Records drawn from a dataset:
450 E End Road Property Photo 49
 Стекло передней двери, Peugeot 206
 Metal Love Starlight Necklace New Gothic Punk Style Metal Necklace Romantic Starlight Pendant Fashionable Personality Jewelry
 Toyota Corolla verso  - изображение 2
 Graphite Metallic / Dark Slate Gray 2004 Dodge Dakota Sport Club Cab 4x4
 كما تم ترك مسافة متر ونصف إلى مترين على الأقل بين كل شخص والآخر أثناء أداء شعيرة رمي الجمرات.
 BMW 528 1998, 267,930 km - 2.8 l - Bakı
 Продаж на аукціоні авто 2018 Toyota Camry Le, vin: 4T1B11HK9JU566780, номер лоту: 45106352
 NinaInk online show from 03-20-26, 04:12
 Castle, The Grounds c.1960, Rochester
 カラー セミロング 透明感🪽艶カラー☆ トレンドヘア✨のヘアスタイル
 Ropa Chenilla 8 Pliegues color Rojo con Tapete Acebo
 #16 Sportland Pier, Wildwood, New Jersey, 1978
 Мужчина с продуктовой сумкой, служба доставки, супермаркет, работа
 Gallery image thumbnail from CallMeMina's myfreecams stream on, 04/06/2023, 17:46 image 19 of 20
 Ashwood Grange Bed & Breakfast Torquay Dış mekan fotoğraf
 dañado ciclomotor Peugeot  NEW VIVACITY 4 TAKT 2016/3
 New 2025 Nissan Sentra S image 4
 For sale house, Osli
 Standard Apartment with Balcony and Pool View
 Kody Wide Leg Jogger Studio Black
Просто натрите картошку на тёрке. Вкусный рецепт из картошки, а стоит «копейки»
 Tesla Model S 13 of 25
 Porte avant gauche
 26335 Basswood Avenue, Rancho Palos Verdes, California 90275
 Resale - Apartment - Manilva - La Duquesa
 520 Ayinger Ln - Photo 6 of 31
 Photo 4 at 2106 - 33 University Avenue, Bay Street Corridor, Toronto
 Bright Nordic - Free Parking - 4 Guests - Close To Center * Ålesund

Description of the task
Search the data for "NinaInk online show from 03-20-26, 04:12". Beginning with that line, set down every line through the last exactly.

Output
 NinaInk online show from 03-20-26, 04:12
 Castle, The Grounds c.1960, Rochester
 カラー セミロング 透明感🪽艶カラー☆ トレンドヘア✨のヘアスタイル
 Ropa Chenilla 8 Pliegues color Rojo con Tapete Acebo
 #16 Sportland Pier, Wildwood, New Jersey, 1978
 Мужчина с продуктовой сумкой, служба доставки, супермаркет, работа
 Gallery image thumbnail from CallMeMina's myfreecams stream on, 04/06/2023, 17:46 image 19 of 20
 Ashwood Grange Bed & Breakfast Torquay Dış mekan fotoğraf
 dañado ciclomotor Peugeot  NEW VIVACITY 4 TAKT 2016/3
 New 2025 Nissan Sentra S image 4
 For sale house, Osli
 Standard Apartment with Balcony and Pool View
 Kody Wide Leg Jogger Studio Black
Просто натрите картошку на тёрке. Вкусный рецепт из картошки, а стоит «копейки»
 Tesla Model S 13 of 25
 Porte avant gauche
 26335 Basswood Avenue, Rancho Palos Verdes, California 90275
 Resale - Apartment - Manilva - La Duquesa
 520 Ayinger Ln - Photo 6 of 31
 Photo 4 at 2106 - 33 University Avenue, Bay Street Corridor, Toronto
 Bright Nordic - Free Parking - 4 Guests - Close To Center * Ålesund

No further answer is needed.